[AVAILABLE DATA]
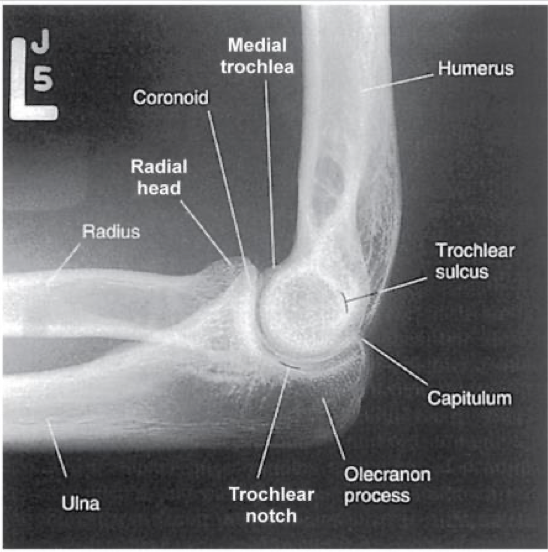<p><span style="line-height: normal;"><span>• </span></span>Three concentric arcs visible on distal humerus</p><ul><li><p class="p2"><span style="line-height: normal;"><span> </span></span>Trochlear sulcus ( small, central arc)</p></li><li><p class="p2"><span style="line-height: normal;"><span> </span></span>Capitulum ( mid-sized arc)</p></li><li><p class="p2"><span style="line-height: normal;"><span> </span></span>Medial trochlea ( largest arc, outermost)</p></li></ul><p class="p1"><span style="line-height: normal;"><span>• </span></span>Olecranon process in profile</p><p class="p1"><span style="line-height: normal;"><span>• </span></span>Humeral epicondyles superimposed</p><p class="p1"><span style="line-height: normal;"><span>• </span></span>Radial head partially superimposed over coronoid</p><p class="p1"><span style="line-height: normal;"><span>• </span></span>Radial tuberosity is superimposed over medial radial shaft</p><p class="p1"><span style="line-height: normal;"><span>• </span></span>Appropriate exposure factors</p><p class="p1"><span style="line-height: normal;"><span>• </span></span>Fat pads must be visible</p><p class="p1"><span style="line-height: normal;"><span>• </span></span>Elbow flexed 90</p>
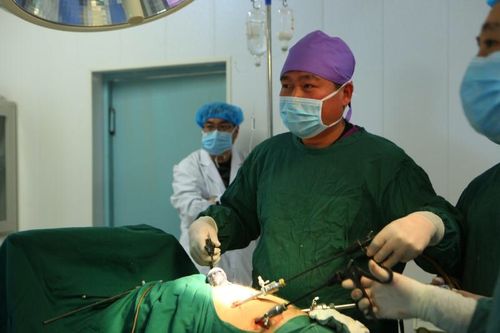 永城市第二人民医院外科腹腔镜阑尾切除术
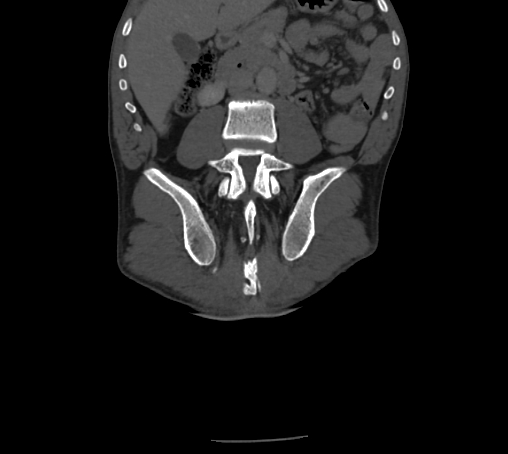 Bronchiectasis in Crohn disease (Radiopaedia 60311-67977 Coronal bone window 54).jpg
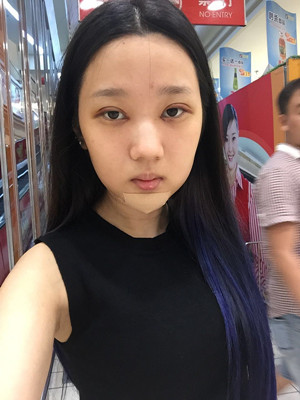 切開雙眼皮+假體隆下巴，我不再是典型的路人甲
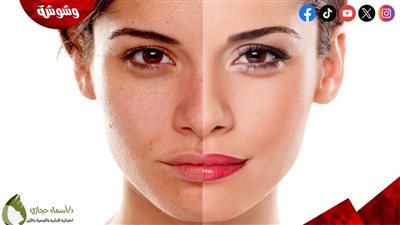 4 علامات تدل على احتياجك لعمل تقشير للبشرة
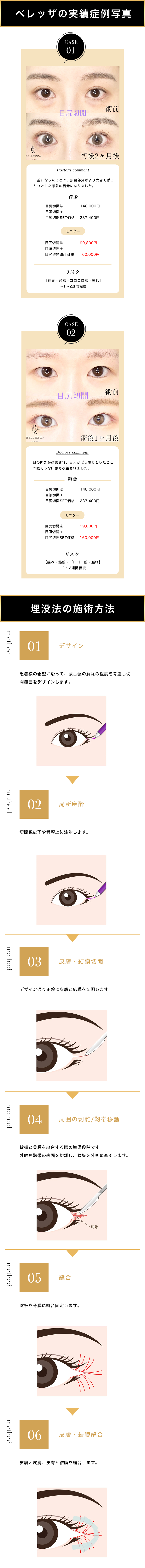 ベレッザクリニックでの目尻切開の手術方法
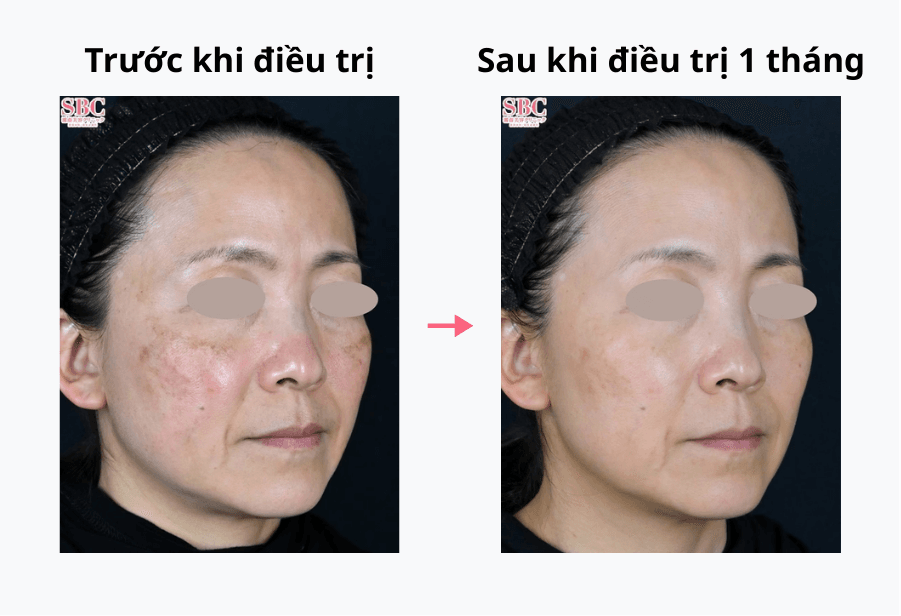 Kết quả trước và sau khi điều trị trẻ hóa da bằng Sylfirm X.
[/AVAILABLE DATA]
● DIRECTIONS
Each line above should be returned exactly as it stands, minus any pictures.

● WRITTEN RESPONSE
<p><span style="line-height: normal;"><span>• </span></span>Three concentric arcs visible on distal humerus</p><ul><li><p class="p2"><span style="line-height: normal;"><span> </span></span>Trochlear sulcus ( small, central arc)</p></li><li><p class="p2"><span style="line-height: normal;"><span> </span></span>Capitulum ( mid-sized arc)</p></li><li><p class="p2"><span style="line-height: normal;"><span> </span></span>Medial trochlea ( largest arc, outermost)</p></li></ul><p class="p1"><span style="line-height: normal;"><span>• </span></span>Olecranon process in profile</p><p class="p1"><span style="line-height: normal;"><span>• </span></span>Humeral epicondyles superimposed</p><p class="p1"><span style="line-height: normal;"><span>• </span></span>Radial head partially superimposed over coronoid</p><p class="p1"><span style="line-height: normal;"><span>• </span></span>Radial tuberosity is superimposed over medial radial shaft</p><p class="p1"><span style="line-height: normal;"><span>• </span></span>Appropriate exposure factors</p><p class="p1"><span style="line-height: normal;"><span>• </span></span>Fat pads must be visible</p><p class="p1"><span style="line-height: normal;"><span>• </span></span>Elbow flexed 90</p>
 永城市第二人民医院外科腹腔镜阑尾切除术
 Bronchiectasis in Crohn disease (Radiopaedia 60311-67977 Coronal bone window 54).jpg
 切開雙眼皮+假體隆下巴，我不再是典型的路人甲
 4 علامات تدل على احتياجك لعمل تقشير للبشرة
 ベレッザクリニックでの目尻切開の手術方法
 Kết quả trước và sau khi điều trị trẻ hóa da bằng Sylfirm X.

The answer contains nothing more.